Hay dos cosas que me causan enorme estupor: la indecencia de la clase política y el poco cuidado que el gremio de la hostelería tiene con los clientes. A lo primero ya casi me he acostumbrado. A lo segundo también.
Ayer salí con M. a celebrar su onomástica. Ella, siempre tan atenta y cumplidora, a pesar de no haber recibido aún el regalo, decidió invitarme a comer. La elección no fue fácil. Yo soy como Oscar Wilde: mi gusto es de lo más sencillo, solo me gusta lo mejor.
Al final, después de cientos de metros zigzagueando, acabamos en una cervecería de aspecto saludable, pero salud delicada.
Aunque antes de adentrarme en la intimidad del enfermo quiero señalar, para mostrar la realidad del gremio, que muchos de los bares, restaurantes o tabernas que nos encontramos han cerrado sus puertas, quizá definitivamente. La crisis ha podido con ellos.
Nada más sentarnos (una terraza al aire libre) llama mi atención el alto volumen de la música que acompaña a los comensales, haciendo de paso que sus conversaciones tengan que elevar el sonido para ser audibles. Estoy a punto de no sentarme, pero decido dar un voto de confianza. No quiero que M. me diga que ya estoy como siempre (poniendo pegas). Una vez sentados se acerca uno de los camareros y, sin limpiar la mesa, coloca unos escuetos mantelitos individuales que no cubren ni la tercera parte.
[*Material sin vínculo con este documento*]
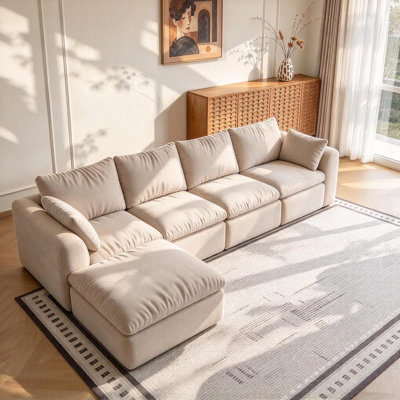122" Khaki Chenille Modular Sectional Sofa with Movable Ottomans, Deep Seat L-Shaped Couch for Living Room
Tuve que hacer malabares durante la comida para no salirme del espacio al que me sometían esos mantelitos. Después de traernos el exiguo primer plato el camarero, aprovechando unos segundos libres, se pone a fumar. Su compañero también. Después traerían nuevos platos con su <<sucias>> manos.
Tras la indigesta comida pedimos la cuenta. Por supuesto ahí estaba la penúltima sorpresa de la tarde. Una <<caña>> 2, 50 euros. ¡Ni que la hubiera servido Scarlett Johansson!
Abandonamos el local y decidimos dar un paseo. M. quiso un helado. Llegamos a una heladería. Ella se sentó y yo me acerque a pedir (por supuesto, autoservicio). La dependienta, en un alarde de sutileza, le estaba diciendo a una compañera: << Tía, que eso es una mierda (sic), ya te lo dije yo…>>. Cogí el helado, me senté, me lo tomé apoyándome en una mesa que nadie había limpiado posiblemente en todo el día, y después tiré la tarrina en una papelera que estaba colocada ad hoc. Llegué a casa malhumorado.
En un país de cinco millones de parados, en el que determinados bares y restaurantes tienen que cerrar porque la crisis puede con ellos, ¿es que no hay nadie que regente un local que exhiba la mínima decencia exigida?
No es justo. Ayer M. gastó dinero y a cambio recibimos mala educación, dejadez, suciedad y ordinariez. No es justo y además es patético. No hay derecho a recibir una dosis de tan mal gusto el día de la onomástica de mi chica. Es más, ningún día.